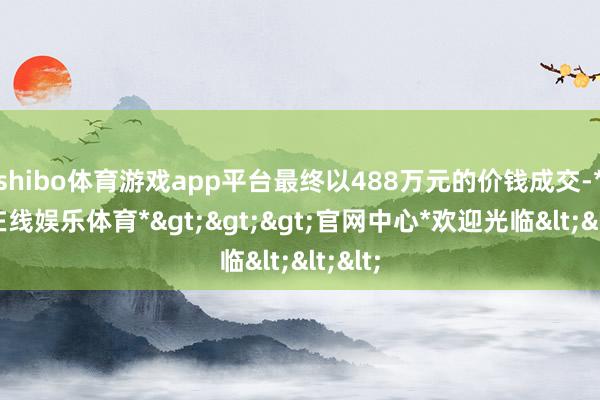 shibo体育游戏app平台最终以488万元的价钱成交-*世博在线娱乐体育*>>>官网中心*欢迎光临<<<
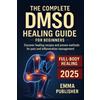 Emma Publisher The Complete DMSO Healing Guide for Beginners (Tascabile)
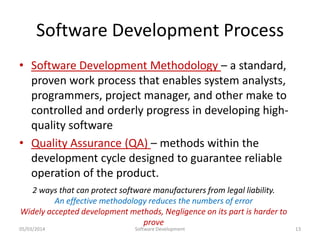 Software Development Process
• Software Development Methodology – a standard,
proven work process that enables system analysts,
programmers, project manager, and other make to
controlled and orderly progress in developing highquality software
• Quality Assurance (QA) – methods within the
development cycle designed to guarantee reliable
operation of the product.
2 ways that can protect software manufacturers from legal liability.
An effective methodology reduces the numbers of error
Widely accepted development methods, Negligence on its part is harder to
prove

05/03/2014

Software Development

13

AIM OF THE TASK: Do not include the pictures. Quote only the lines from the line with "Software Development Process" through the end of the material, both ends included, exactly.

SOLUTION TO THIS EXERCISE:
 Software Development Process
• Software Development Methodology – a standard,
proven work process that enables system analysts,
programmers, project manager, and other make to
controlled and orderly progress in developing highquality software
• Quality Assurance (QA) – methods within the
development cycle designed to guarantee reliable
operation of the product.
2 ways that can protect software manufacturers from legal liability.
An effective methodology reduces the numbers of error
Widely accepted development methods, Negligence on its part is harder to
prove

05/03/2014

Software Development

13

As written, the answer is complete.